Abnormal spontaneous firing is well described in axotomized sensory neurons and likely contributes to nerve injury-induced pain. The hyperpolarization-activated current I_h initiates spontaneous, rhythmic depolarization in the sinoatrial node and central neurons. This study was undertaken to investigate the possible contribution of I_h to primary afferent ectopic discharge and pain behavior in nerve-injured rats. Nerve injury was produced by tight ligation of lumbar spinal nerves (L5/6). Two weeks later, rats showed marked mechanical allodynia. Withdrawal thresholds were measured before and after administration of saline or the specific I_h antagonist ZD7288 (1, 3, or 10 mg/kg, intraperitoneally). ZD7288 dose-dependently reversed mechanical allodynia. In a second experiment, we performed both in vivo and in vitro extracellular single unit recordings from teased dorsal root fascicles. Intravenous infusion (2.5 or 5 mg/kg) of ZD7288 during a period of 10 minutes significantly blocked ectopic discharges in vivo. Perfusion (25 to 100 μmol/L) of ZD7288 for 5 minutes in vitro almost completely blocked ectopic discharges from large myelinated fibers (Aβ) while partially suppressing ectopic discharge from thinly myelinated fibers (Aδ). We conclude from these data that in axotomized sensory neurons, a ZD7288-sensitive current contributes to spontaneous discharges in myelinated fibers. Thus, I_h might substantially contribute to the pathophysiology of nerve injury-related neuropathic pain.

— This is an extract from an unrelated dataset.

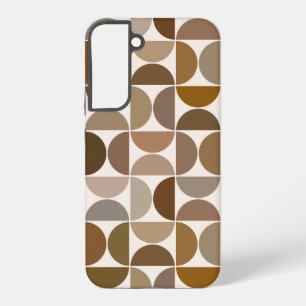 Coque Samsung Galaxy Demi-cercles MCM Marron+Crème Grand Motif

The current study investigated the mechanism of abnormal spontaneous discharges (ectopic discharges) from axotomized sensory afferents. Ectopic discharges are a main driving source of nerve injury-induced neuropathic pain. Understanding the mechanism of ectopic discharges and identifying how to control them will be useful toward developing new therapies.